Scaglia, Scaglia... ma che ci combina. Per questo foglio la ricchezza non è un delitto. Anzi crediamo, piuttosto isolati, che essa sia il segno di una certa abilità. Che dietro di essa non si nasconda necessariamente un crimine, un peccato originale. Ma, caro Silvio Scaglia, ci dia una mano per convincere anche i più pessimisti di questo nostro favorevole pregiudizio verso il contante. Lei aveva un pacchetto di titoli Fastweb che sfiora il miliardo di euro. E ovviamente per quanto ci riguarda di essi può fare qualsiasi cosa: se li goda pure al Cotton club di Mustique.
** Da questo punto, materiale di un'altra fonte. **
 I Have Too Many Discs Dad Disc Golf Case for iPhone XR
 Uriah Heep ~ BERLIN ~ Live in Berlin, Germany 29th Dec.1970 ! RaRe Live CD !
Ma insomma nello stesso giorno in cui decide di fare un po’ di cassa, come è successo due giorni fa, non si faccia intervistare dal Financial Times omettendo l’unica notizia che interessa: e cioè che il fondatore di Fastweb sta cedendo un corposo pacchetto di azioni. Veda, ieri il mercato per prima cosa ha letto il quotidiano inglese e poi ha visto la comunicazione di Borsa sulla sua vendita: e ha iniziato a vendere anche esso. Non capisce, è disorientato. E soprattutto non si fida. Se il nostro atteggiamento fosse puramente moralistico, in ben altre occasioni avremmo potuto arricciare il naso. Quando costituì una cassaforte in Lussemburgo per motivi puramente fiscali. O quel suo tentativo, poi abortito, che da Dubai a Francoforte l’ha portata in giro per il mondo alla ricerca di un compratore. E poi vendere proprio il giorno in cui Fastweb annuncia dopo sette faticosi anni di avere iniziato a fare cassa. Ricco Scaglia, ma povera Fastweb.